_What the task requires:_ Reproduce word for word the lines between those holding "B. Mais antigo" and "Virtually Staged Kitchen Dining Room", inclusive, and nothing else from the data below.

_Record excerpts:_
┌──
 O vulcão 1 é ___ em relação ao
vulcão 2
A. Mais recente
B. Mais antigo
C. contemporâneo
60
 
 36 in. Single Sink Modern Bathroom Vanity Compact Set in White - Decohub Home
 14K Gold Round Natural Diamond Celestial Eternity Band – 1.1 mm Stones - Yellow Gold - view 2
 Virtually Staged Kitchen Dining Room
└──
┌──
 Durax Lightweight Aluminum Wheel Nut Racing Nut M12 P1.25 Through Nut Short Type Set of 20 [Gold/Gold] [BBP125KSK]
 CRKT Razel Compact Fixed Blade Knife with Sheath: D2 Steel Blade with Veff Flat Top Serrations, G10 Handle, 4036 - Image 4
└──
_Exercise response:_
B. Mais antigo
C. contemporâneo
60
 
 36 in. Single Sink Modern Bathroom Vanity Compact Set in White - Decohub Home
 14K Gold Round Natural Diamond Celestial Eternity Band – 1.1 mm Stones - Yellow Gold - view 2
 Virtually Staged Kitchen Dining Room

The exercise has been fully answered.